Problem statement: Leaving out the images, reproduce every line of the data that follows exactly.

▼

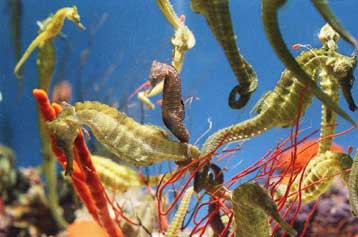 Τα μυστικά των ωκεανών μέσα από έναν άτλαντα στο Διαδίκτυο αποκαλύπτει ο ΟΗΕ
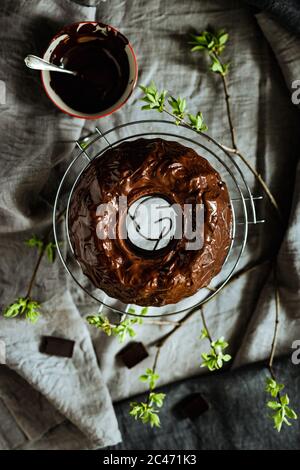 Gâteau au chocolat noir encore à vie. Gâteau couvert de glaçage au chocolat. De jeunes feuilles vertes autour, un bol avec glaçage fondu. Ligne grise et beige Banque D'Images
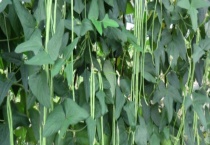 豇豆长斑了是否还能吃 豇豆长斑的原因？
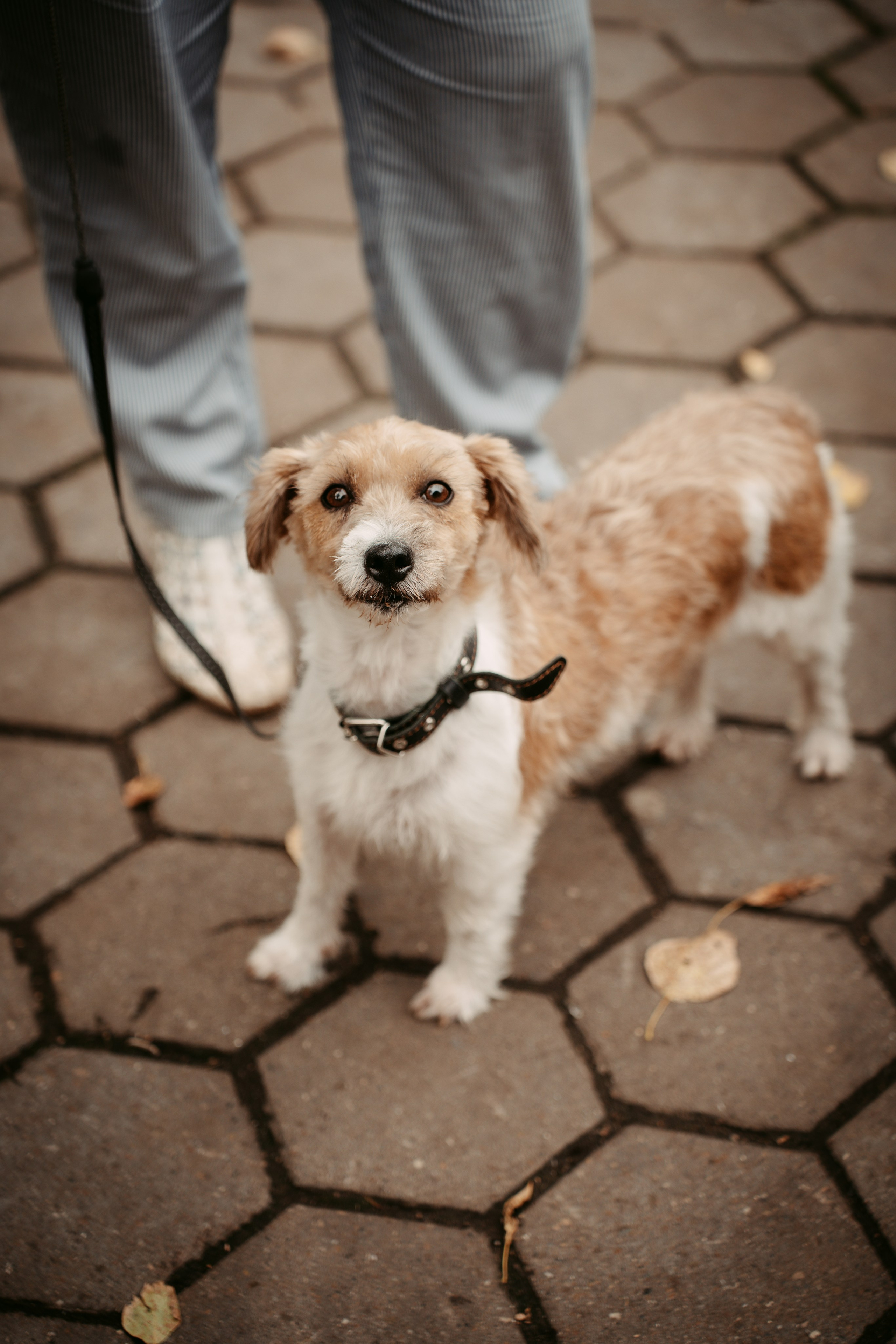 Авторы. Главная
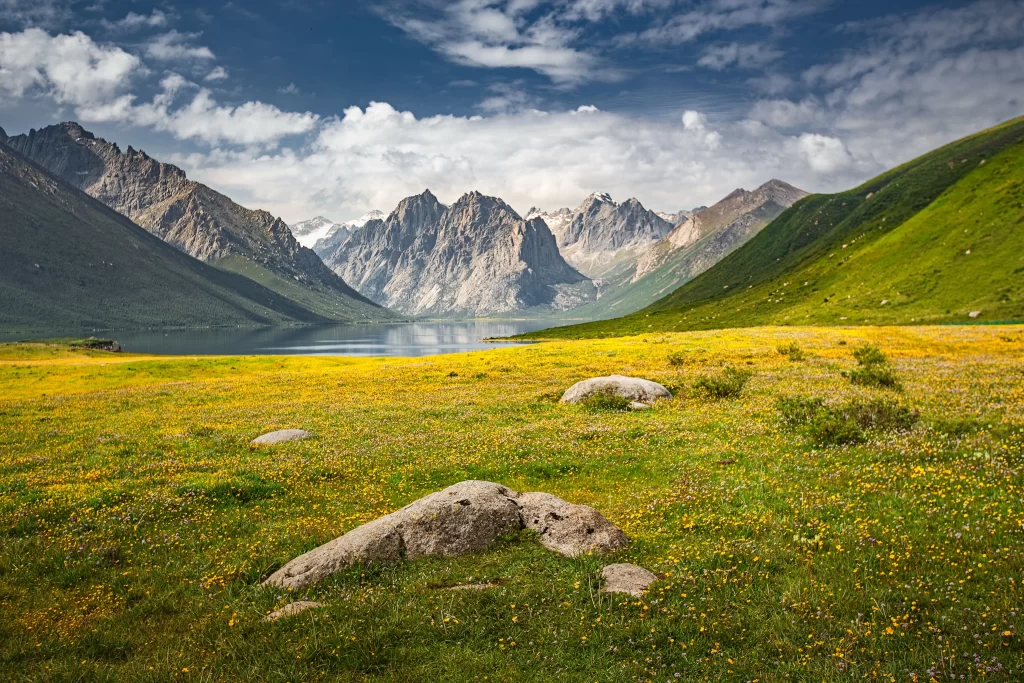 Yellow Wildflower Meadow Greenery Mountain Scenic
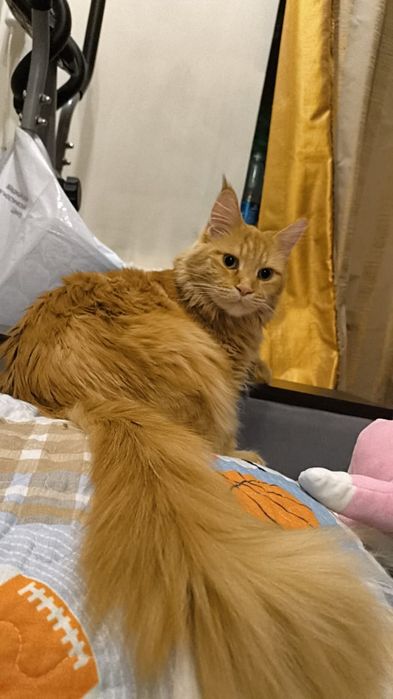 Мейн Кунчики 30 тыс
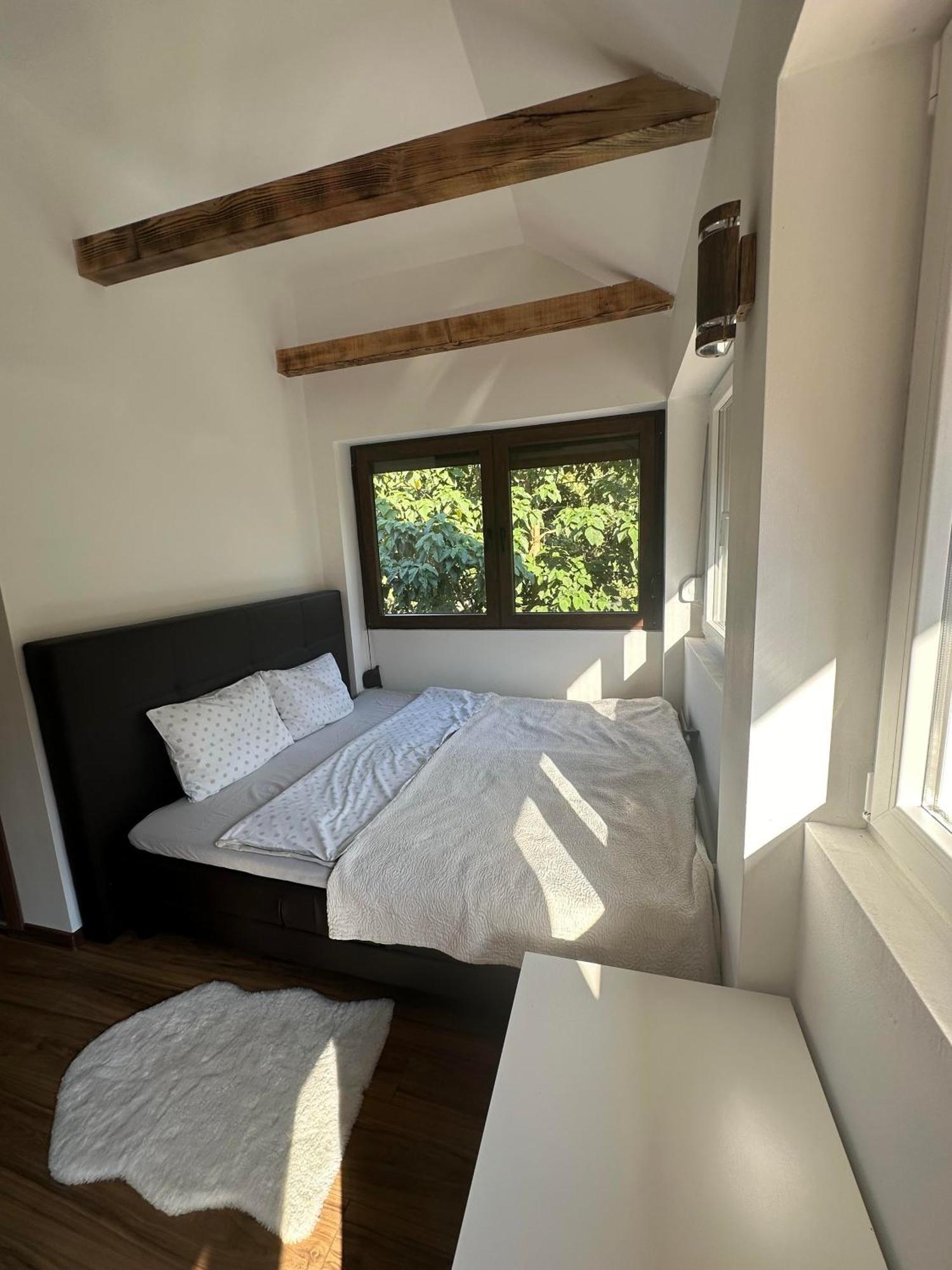 Apartment Zicka Plaza *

▲

Answer for this exercise:
 Τα μυστικά των ωκεανών μέσα από έναν άτλαντα στο Διαδίκτυο αποκαλύπτει ο ΟΗΕ
 Gâteau au chocolat noir encore à vie. Gâteau couvert de glaçage au chocolat. De jeunes feuilles vertes autour, un bol avec glaçage fondu. Ligne grise et beige Banque D'Images
 豇豆长斑了是否还能吃 豇豆长斑的原因？
 Авторы. Главная
 Yellow Wildflower Meadow Greenery Mountain Scenic
 Мейн Кунчики 30 тыс
 Apartment Zicka Plaza *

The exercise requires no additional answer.